-- Data supplied --
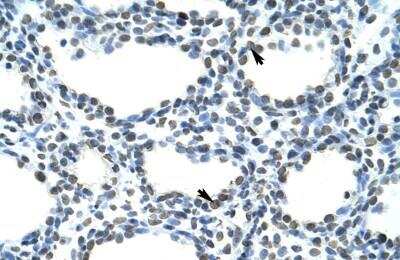 Immunohistochemistry-Paraffin: TRA2B Antibody [NBP1-57456]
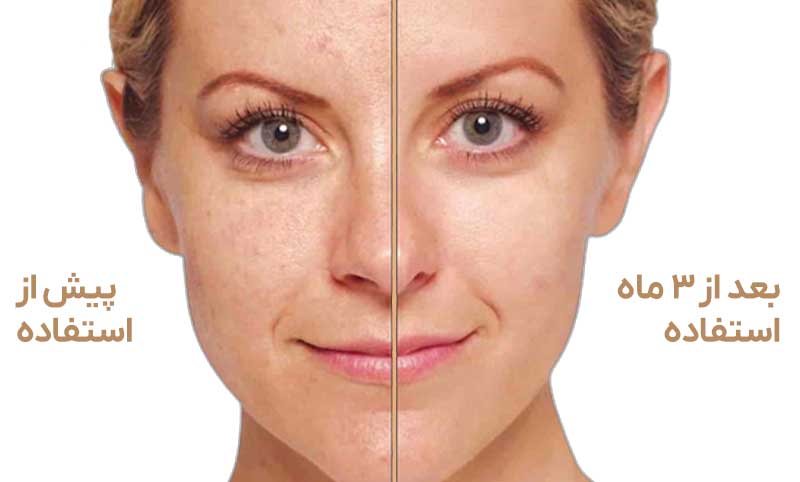 سرم رتینول ویتالیر برای چیست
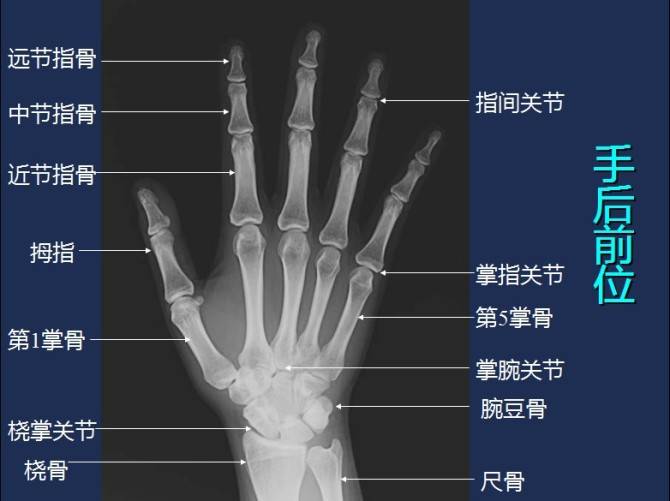 常规手-腕部x线影像解剖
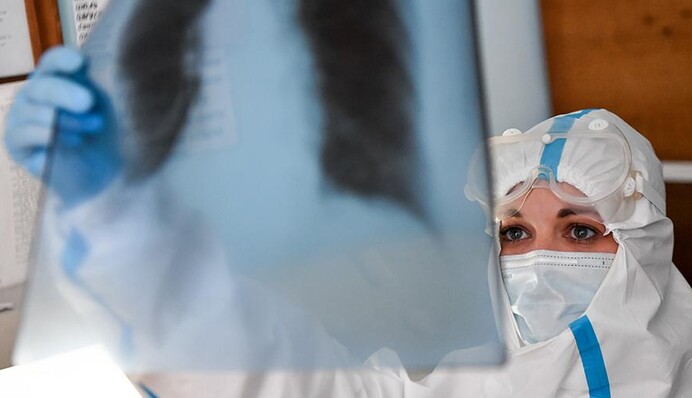 Куди б'є коронавірус: медики назвали головні ускладнення COVID-19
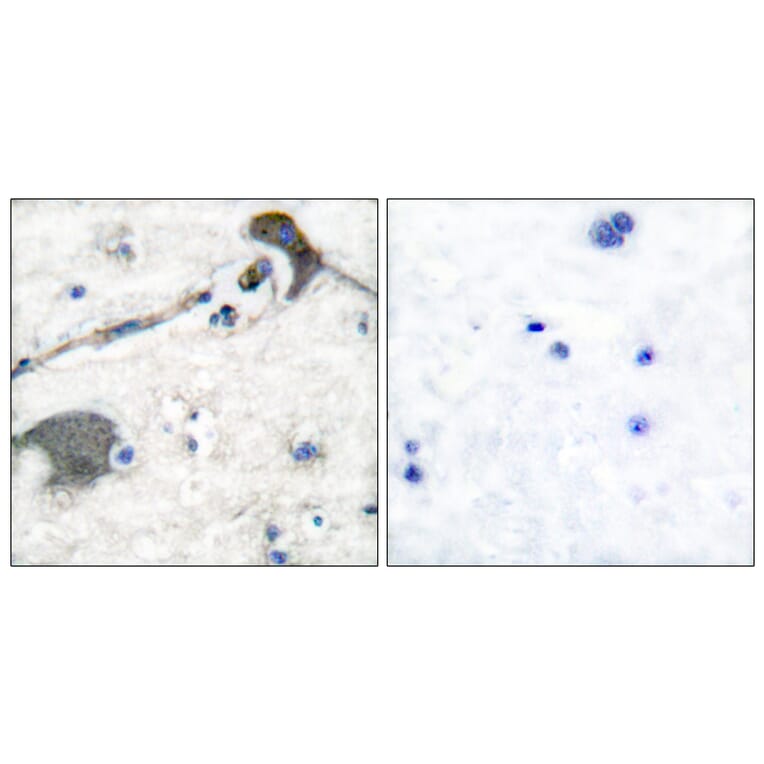 Immunohistochemistry - Anti-RASH Antibody (C0313) - Antibodies.com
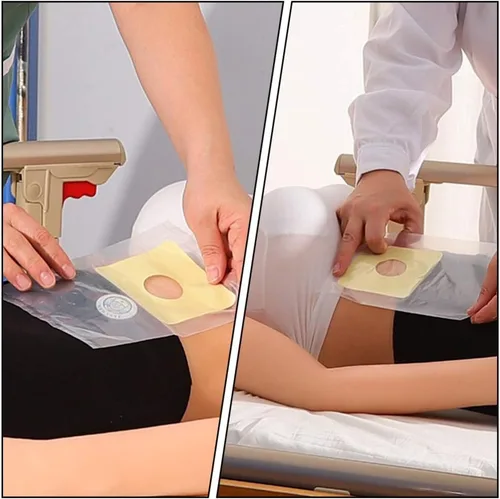 Vista 5 de EXCEART Bolsa de ostomía desechable de plástico transparente para iseostomía, bolsa de cuidado de ileostomía, bolsa de cuidado de ileostomía, 60 uds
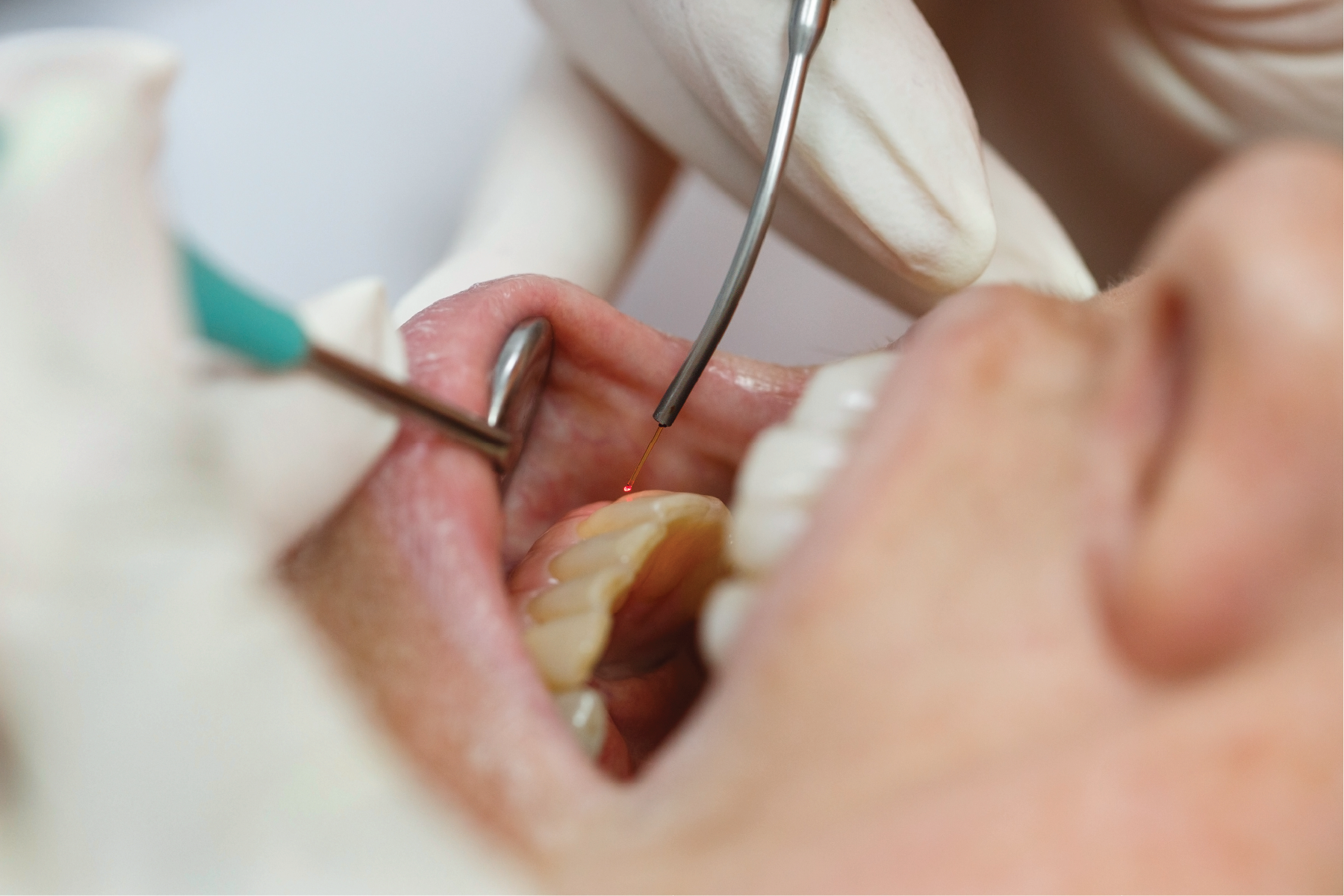 Odontología láser
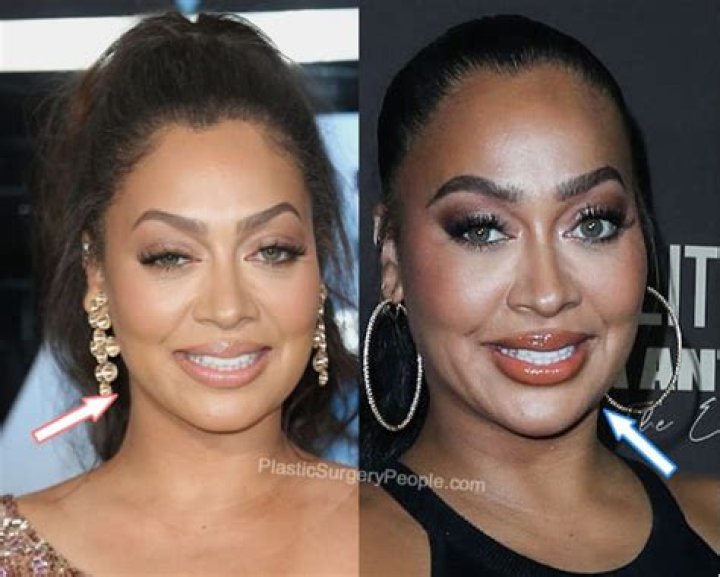 Lala Anthony Plastic Surgery (Part 1 Face Edition) plasticsurgery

-- Problem to solve --
Could the lines from the first entry through the line that contains "Vista 5 de EXCEART" be copied exactly, with all pictures left out?

-- Exercise result --
 Immunohistochemistry-Paraffin: TRA2B Antibody [NBP1-57456]
 سرم رتینول ویتالیر برای چیست
 常规手-腕部x线影像解剖
 Куди б'є коронавірус: медики назвали головні ускладнення COVID-19
 Immunohistochemistry - Anti-RASH Antibody (C0313) - Antibodies.com
 Vista 5 de EXCEART Bolsa de ostomía desechable de plástico transparente para iseostomía, bolsa de cuidado de ileostomía, bolsa de cuidado de ileostomía, 60 uds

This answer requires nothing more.